Since its opening, the steakhouse has generated buzz for its Maryland-inspired dishes including local oysters and blue crab imperial, as well as a variety of steaks paired with sides like potato gratin and broccoli with charred lemon.
But the duo isn’t stopping there—the brothers are joining forces to open yet another spot this summer. This time they’re moving south, targeting Florida’s new mixed-used railroad station development MiamiCentral, which will soon boast an express train from Miami to Orlando.
Voltaggio feels a strong connection to the area, saying that he often visits his parents (his mother lives in Orlando, his father in Tampa) and travels to Disney World with his children.

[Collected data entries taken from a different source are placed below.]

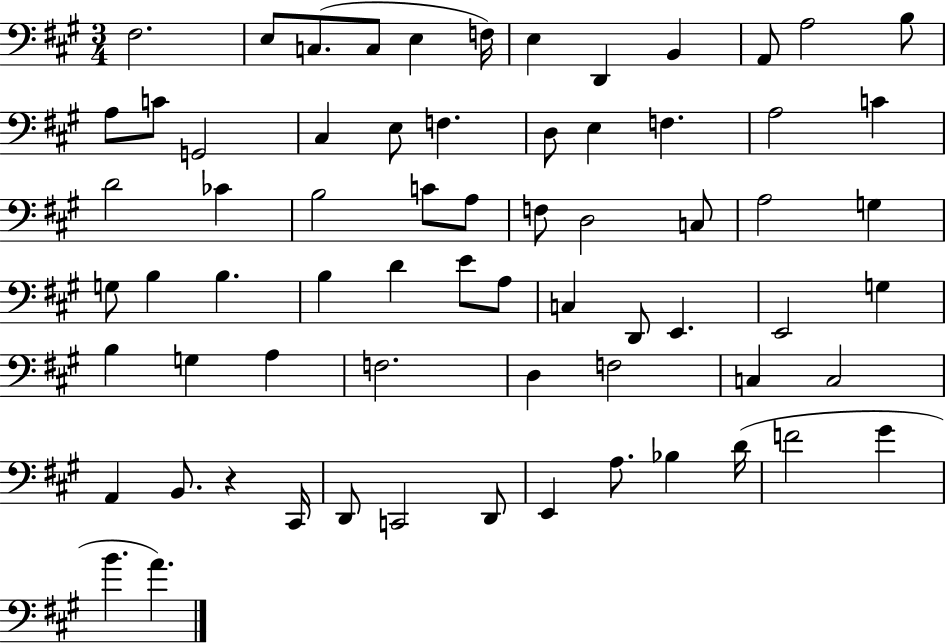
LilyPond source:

{
  \clef bass
  \numericTimeSignature
  \time 3/4
  \key a \major
  fis2. | e8 c8.( c8 e4 f16) | e4 d,4 b,4 | a,8 a2 b8 | \break a8 c'8 g,2 | cis4 e8 f4. | d8 e4 f4. | a2 c'4 | \break d'2 ces'4 | b2 c'8 a8 | f8 d2 c8 | a2 g4 | \break g8 b4 b4. | b4 d'4 e'8 a8 | c4 d,8 e,4. | e,2 g4 | \break b4 g4 a4 | f2. | d4 f2 | c4 c2 | \break a,4 b,8. r4 cis,16 | d,8 c,2 d,8 | e,4 a8. bes4 d'16( | f'2 gis'4 | \break b'4. a'4.) | \bar "|."
} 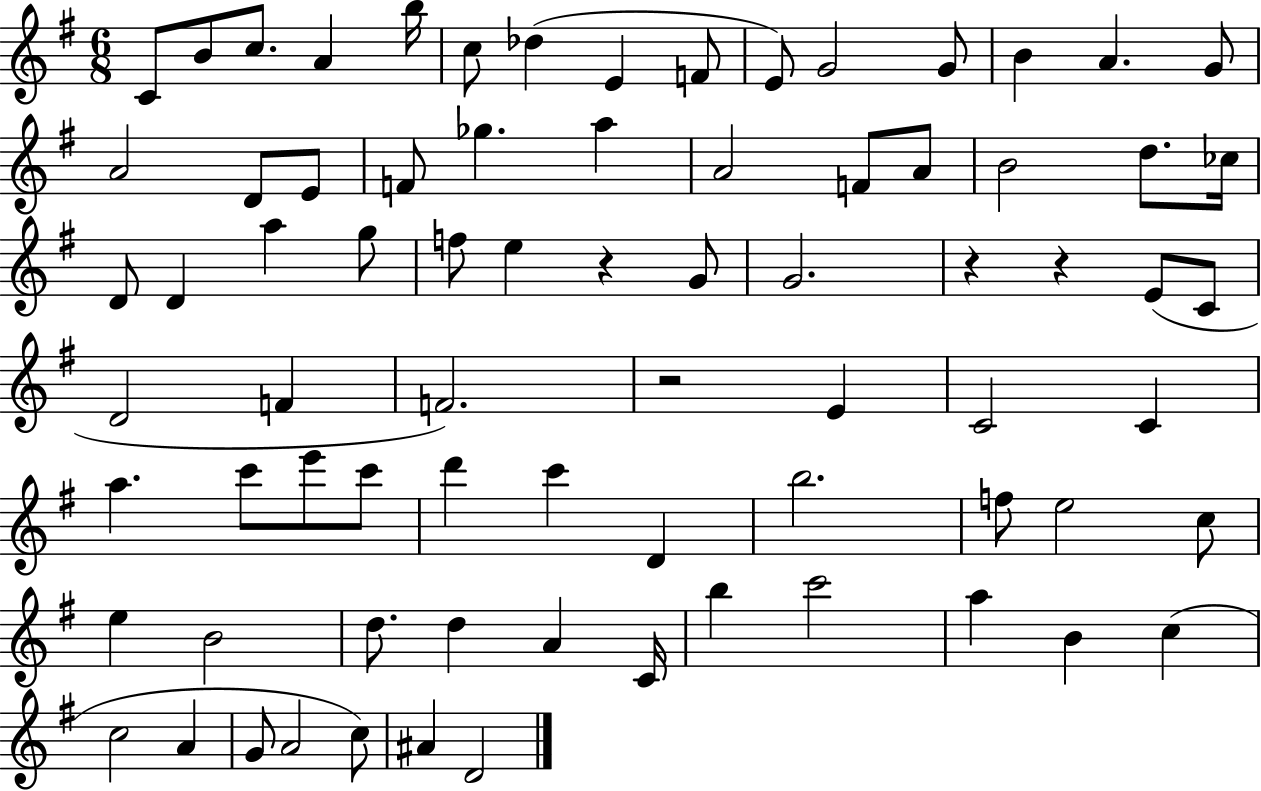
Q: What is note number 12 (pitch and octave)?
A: G4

“There’s authenticity behind it,” he says. “We’re not just popping up somewhere that’s a destination. We’re going to be there frequently.”
The restaurant, named Monger, will anchor Central Fare, the district’s massive food hall, which Voltaggio compares R. House and Mt. Vernon Marketplace. Speaking of local spots, foodies might remember the announcement that Voltaggio would be introducing an additional Family Meal location at BWI Marshall Airport this year. While his team is still working toward the opening, Voltaggio says that the project has been halted indefinitely.
“Those things come and go,” he says. “Everybody puts their name in the hat for them and we thought we were finalized, but didn’t quite get all the way through.”
In the meantime, the chef continues to focus his attention on Aggio, his modern Italian concept in Power Plant Live. Voltaggio says that one of his favorite things about being a part of the Charm City food scene is the opportunity to gather with other area chefs to host events that benefit organizations like No Kid Hungry and Moveable Feast.
On the horizon is The Supper, a charity competition that pits local chefs against one another to raise money for the St. Agnes Foundation. During last year’s inaugural cookoff, Voltaggio enjoyed the experience acting as a host, rather than a competitor.
“I’ll be honest, I’ve kind of hung up my hat,” he says with a laugh. “It’s nice to be on the other side of the table.”
Voltaggio will return to emcee this year’s competition, which is scheduled for April 21 at Loyola Blakefield. This time around, the tournament-style cookoff will task chefs Chris Becker of Bagby Restaurant Group, Mark Levy of Magdalena, and reigning champion Zack Mills of Wit & Wisdom with creating dishes using a mystery ingredient.
“Sometimes that’s what it takes bring the community together and get to know people a bit better,” Voltaggio says of local events like The Supper and Chefs Behind Bars. “It’s nice to be a part of something where you can see change happening in your own backyard.”